А все, что у тебя есть на самом деле, это...

...крупная капля темнеющей крови на асфальте у стоматологии - подойдя ближе, я вижу, что это сердечко из красной фольги. На другой стороне улицы ЗАГС. Забавная трансформация, не правда ли?..

...в жаркий июльский вечер, проходя мимо фонтана, по улице, отделенной от него кованой решеткой, я чувствую мелкие брызги воды на лице и голых руках - их снесло ветром. Ничего не значащее, но такое яркое ощущение...

... средних лет женщина, сидящая напротив, одета в бесформенный аляповатый балахон из персикового плюша, расшитый красными вставками и серебристыми, как рыбья чешуя, пайетками. У нее неровно нанесенные ярко-бронзовые тени, крупные серьги из "самоварного" золота и нервная улыбка. Но она красива, все равно красива - широкие, воистину собольи, четко очерченные черные брови, острый подбородок и пристальный прищур ясных темных глаз. Я смотрю на нее и сожалею о той невыносимо прекрасной женщине, которой ей, загубленной убогостью преподанной ей культуры, уже никогда не стать...

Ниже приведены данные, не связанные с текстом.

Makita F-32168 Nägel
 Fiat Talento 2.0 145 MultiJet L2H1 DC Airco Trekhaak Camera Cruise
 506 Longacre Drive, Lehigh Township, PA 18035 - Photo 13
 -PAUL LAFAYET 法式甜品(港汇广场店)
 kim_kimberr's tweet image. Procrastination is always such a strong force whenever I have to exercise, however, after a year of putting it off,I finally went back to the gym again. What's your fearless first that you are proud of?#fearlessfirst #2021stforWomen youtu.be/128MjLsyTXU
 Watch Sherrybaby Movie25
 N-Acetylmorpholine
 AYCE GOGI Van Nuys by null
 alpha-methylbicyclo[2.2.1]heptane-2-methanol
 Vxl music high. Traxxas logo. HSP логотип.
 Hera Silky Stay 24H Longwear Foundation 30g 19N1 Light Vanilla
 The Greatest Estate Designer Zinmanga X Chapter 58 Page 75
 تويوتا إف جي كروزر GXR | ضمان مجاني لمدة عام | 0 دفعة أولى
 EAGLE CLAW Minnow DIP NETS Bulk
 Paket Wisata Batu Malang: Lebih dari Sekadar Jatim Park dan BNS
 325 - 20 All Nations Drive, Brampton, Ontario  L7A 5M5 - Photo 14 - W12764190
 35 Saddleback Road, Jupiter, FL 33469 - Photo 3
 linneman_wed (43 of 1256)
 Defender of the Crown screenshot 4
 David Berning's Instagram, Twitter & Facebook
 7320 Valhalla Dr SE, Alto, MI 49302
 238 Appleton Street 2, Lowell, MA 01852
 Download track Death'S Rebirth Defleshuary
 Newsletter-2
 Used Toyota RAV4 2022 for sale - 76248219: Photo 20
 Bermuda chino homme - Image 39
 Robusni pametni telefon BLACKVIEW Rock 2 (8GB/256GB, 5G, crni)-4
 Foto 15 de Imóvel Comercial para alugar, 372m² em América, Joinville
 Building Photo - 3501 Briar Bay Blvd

...в обеденный перерыв я не иду в толовую, а ем свежий, буквально рассыпающийся в руках коржик, сидя на лавочке одной из аллей неподалеку. Несколько мелких крошек я бросаю голубям, бродящим рядом - и судорожно ахаю, когда целая стая слетается на угощение. Их много, разных, они теснятся, бьют крыльями, топчутся по спинам друг друга. Рядом вертятся воробьи, и, подбрасывая новые порции крошек, я стараюсь попасть ближе к ним. Почему-то разлюбила голубей...

...слабое зрение - не только неудобство. Порой оно дарит мелкие, но такие очаровательные ошибки - эльфийские уши певицы с афиши; девушка с кошачьей головой, идущая навстречу; иногда мне хочется верить, что это и есть истина - истина, проглядывающая сквозь реальность...

Мой мир стремительно теряет цельность, меня самой становится все меньше, но зато это немногое - четкое, кристаллизованное понятие себя самой. Когда-то давно - три-четыре года назад, но все равно невыносимо давно, - я шла по темной улице и, с трудом выдавливая из себя слова, чуть не впервые говорила другому человеку о своих - настоящих, а не обще-нормальных - чувствах.
Я говорила ему: "я чувствую себя так, словно внутри меня есть другая я - застегнутая на все пуговицы, запертая на все замки. И эти замки и пуговицы ослабляются, потому я и почувствовала Ее присутствие. И мне и хочется Ее выпустить, и страшно - мне кажется, та, что сидит внутри, совершенно не похожа на меня. Она по своему ужасна, и боюсь я не смогу уже быть хорошей, если выпущу Ее."
Этот человек (и еще двое или трое других после него), посмеивался и говорил - не бойся, может ее и нужно отпустить, может все не так страшно! И он - и все эти другие люди до и после него - срывал мои замки, расстегивал пуговицы, плавил лед, вытаскивая наружу Ее... меня.
Что ж, они своего добились.
И та я, я-давняя, была права - она (я-нынешняя) довольно ужасна, на самом деле. И совершенно не похожа на ту девочку, которая жила в этом теле три-четыре года назад. И я уже не смогу быть ей, хорошей, теперь, когда меня выпустили.
Но эти люди, которые меня так старательно выпускали, тоже оказались правы - все это не так страшно. Правда, прежняя я с ними бы все равно не согласилась.
Но это уже ее (меня-прежней) проблемы.